Pakistan is the world’s sixth-most populous country, with a population of 200 million. Today, one of the biggest challenges is to find innovative, productive and sustainable ways of producing energy in order to meet the growing demand of the country’s commercial and public sectors.
This would require investments that will boost electricity generation, an increase in the number of power plants fueled by cheap natural gas, hydro-power, coal & nuclear power, and upgradation of power distribution network.
Nawaz Sharif, Prime Minister of a country experiencing a severe nationwide power crisis, is now betting on a Chinese investment of $21 billion in the energy sector with the belief that increasing the cash flow into this sector would create millions of jobs and increase electricity production in addition to reviving the economy.
Ongoing Chinese-financed Energy Pojects In Pakistan
While the Chinese government pledged to invest $21 billion in energy sector to help Pakistan successfully recover from decades of power shortages, as a part of its plans of upgrading the existing power infrastructure in Pakistan, China has provided valuable engineering resources, and thousands of trained workers and engineers.
Pakistan has currently more than 10,000 Chinese workers involved in 10 different energy projects that have been mutually initiated by the governments of two countries.
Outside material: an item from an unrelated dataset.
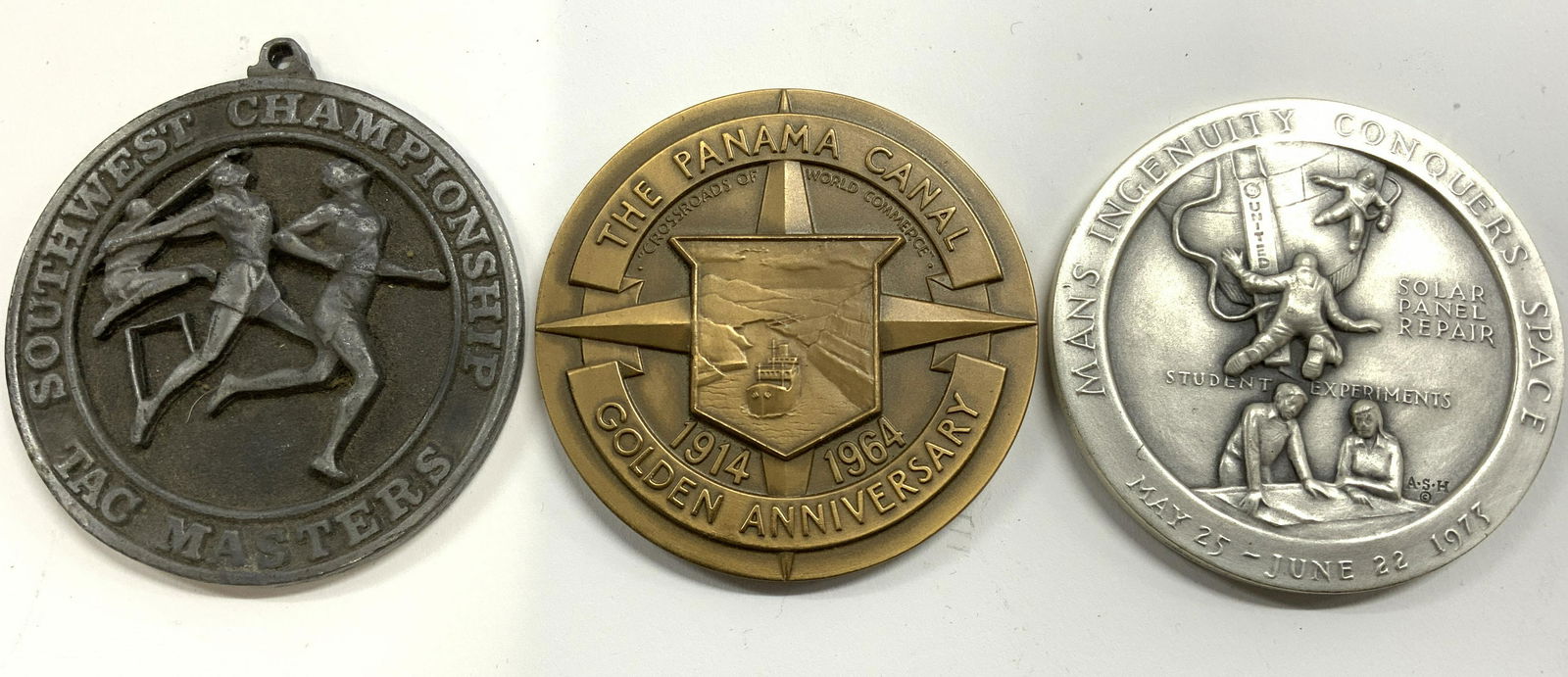 Lot 3 Assorted Circular Medallions (1 of 7)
Additionally, the researchers estimated the total overall energy output would be increased by 60% within two years. That will be the first major boost to the energy sector over the recent years. The federal government is looking forward to inaugurate a nuclear power plant by the end of this month and a pipeline network by the start of 2017.
A $2 billion coal power plant is under construction at Port Qasim, Karachi. The project started in late 2015, and with just months to go before its expected opening, one 400-foot high cooling tower is complete, and the second one is almost near the finish line. Around 4,000 people, half of which are Chinese, are now working 24 hours a day, seven days a week, to deliver the project on time and within budget.
Syed Akhtar Ali, in charge of energy at the Federal Planning Commission, expressed his confidence on the configuration and performance of ongoing project operations. He said:
“Never in the history of Pakistan has there been such a big package of electricity plants in the pipeline.”
Economic Recovery under Prime Minister Sharif
Since 2013, under Mr. Sharif’s government, economic growth has been relatively stable, rising to almost 5%. The growth is considered significant as compared to the past recoveries. Notably, the government has set the growth target for next year around 7%, however, it’s an enormous challenge in itself. Reviving the energy situation in the country is the nucleus the lofty economic aspiration. Mr. Sharif is racing to fulfill his pledge and become the first incumbent to be re-elected in a country whose voters—or the interventionist military—have long ousted its leaders for their poor performance.
Shahid Khaqan Abbasi, the federal minister for petroleum Natural Resources opined:
“Electric power is going to be the swing factor in the election.
If we don’t deliver on power, we won’t be seen as having delivered.”
Andrew Small, author of The China-Pakistan Axis extended:
“The Chinese hope that, over time, greater economic success for its Pakistani ally will act as a source of stability and help to de-radicalize society.
If you have a more normalized Pakistani economy and closer economic linkages within the region, this will at least mitigate some of the long standing conflictual tendencies that exist there.”